[COLLECTED DATA]:
•••

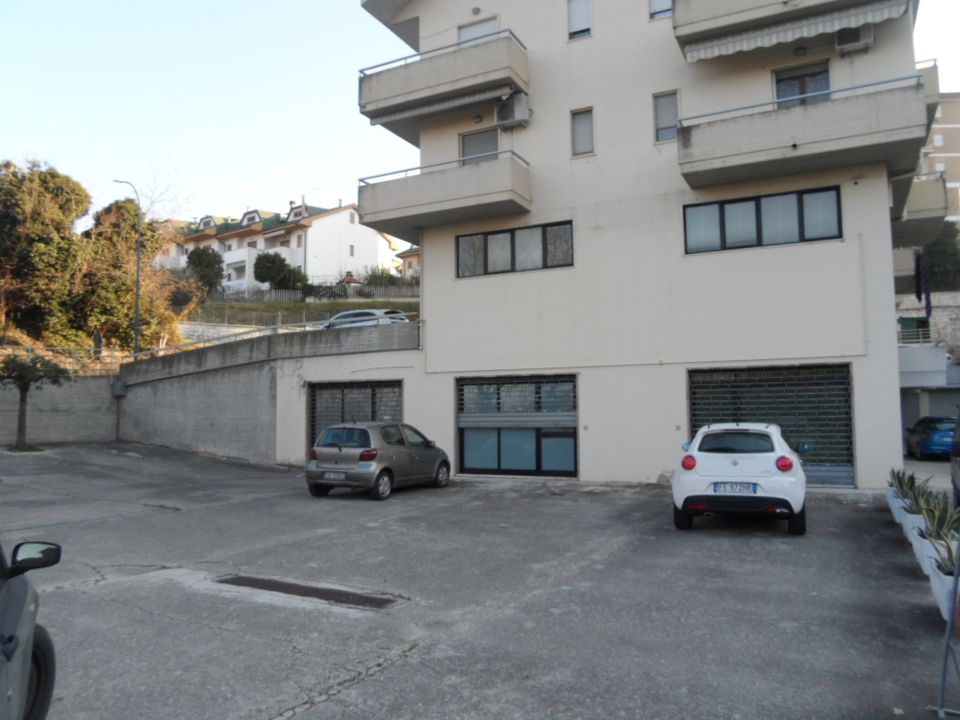 Erhvervsejendom i Folignano, Ascoli Piceno - foto 3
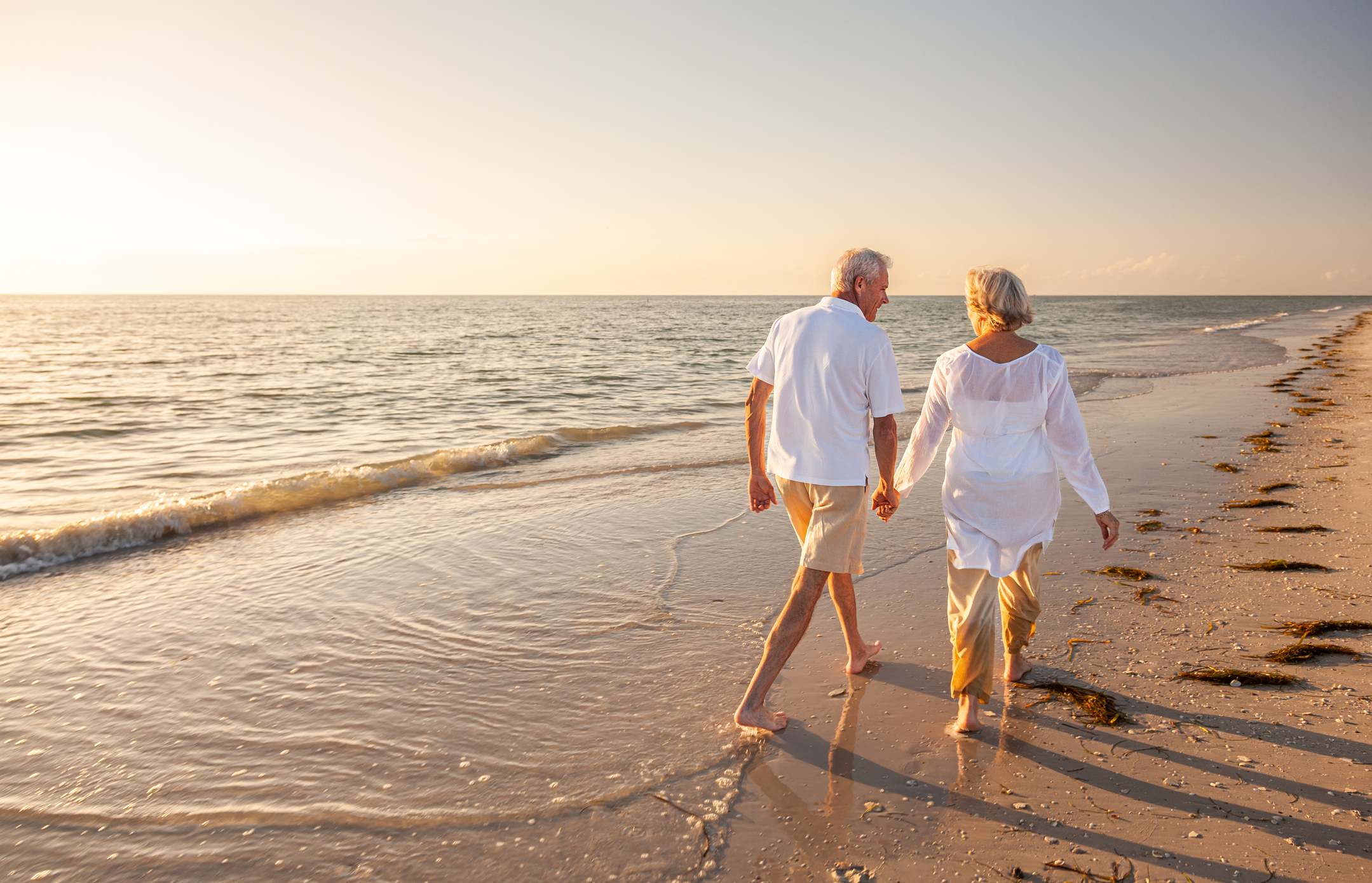 Ancianos en la playa
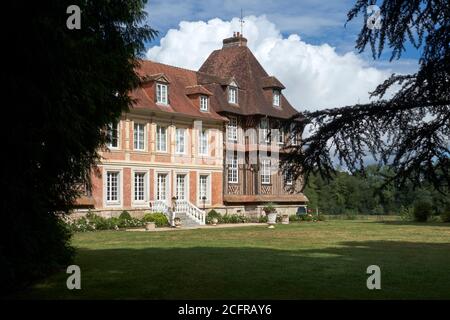 Vista frontale di Château du Breuil ben noto per esso è Prestigiose distillerie del Calvados Foto Stock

•••

[WHAT YOU ARE ASKED TO DO]:
Your copy of the material above should be exact and free of pictures.

[EXERCISE SOLUTION]:
 Erhvervsejendom i Folignano, Ascoli Piceno - foto 3
 Ancianos en la playa
 Vista frontale di Château du Breuil ben noto per esso è Prestigiose distillerie del Calvados Foto Stock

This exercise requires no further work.